A. recorreu para o Tribunal da Relação de Évora, mas o recurso foi rejeitado
pelo acórdão de 16 de Outubro de 2001, de fls. 251, por não ter conclusões, e,
posteriormente, para o Supremo Tribunal de Justiça. Por acórdão de 7 de Março de
2002, de fls. 283, o recurso foi igualmente rejeitado, por inadmissibilidade.
A. recorreu então para o Tribunal Constitucional do acórdão do Tribunal da
Relação de Évora.
Pelo acórdão n.º 428/2003 deste Tribunal, de 24 de Setembro de 2003, de fls.

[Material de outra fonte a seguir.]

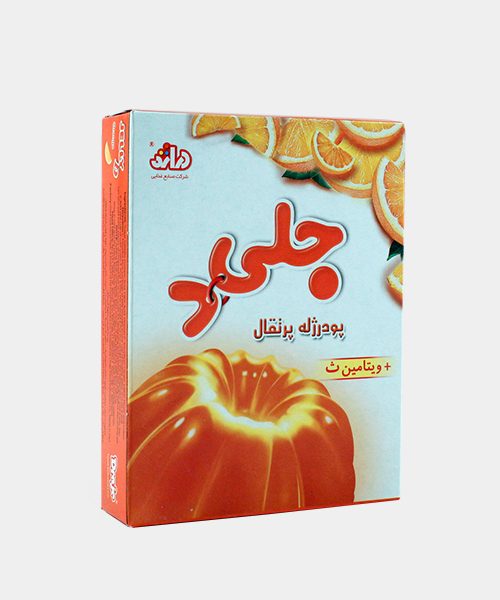 پودر ژله پرتقال با ویتامین سی ۱۰۰ گرمی دراژه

330, foi julgada inconstitucional 'por violação do artigo 32º, n.º 1, da
Constituição, a norma constante dos artigos 412º, n.º 1, 414º, n.º 2 e 420º,
n.º1, do Código de Processo Penal, interpretada no sentido de que a falta de
conclusões da motivação do recurso conduz à rejeição liminar do recurso do
arguido, sem que ao mesmo seja facultada a oportunidade de suprir tal
deficiência'.
Por acórdão do Tribunal da Relação de Évora, de fls. 372, foi decidido 'conceder
provimento ao recurso e, em consequência, anular o julgamento, ordenando o
competente reenvio para novo julgamento, a efectuar de acordo com o disposto nos
artºs 426º e 426º-A, do Cód. Proc. Penal, a fim de se apurar a situação
económica do arguido e quais os seus encargos pessoais', ficando 'prejudicado o
conhecimento das restantes questões suscitadas pelo recorrente'.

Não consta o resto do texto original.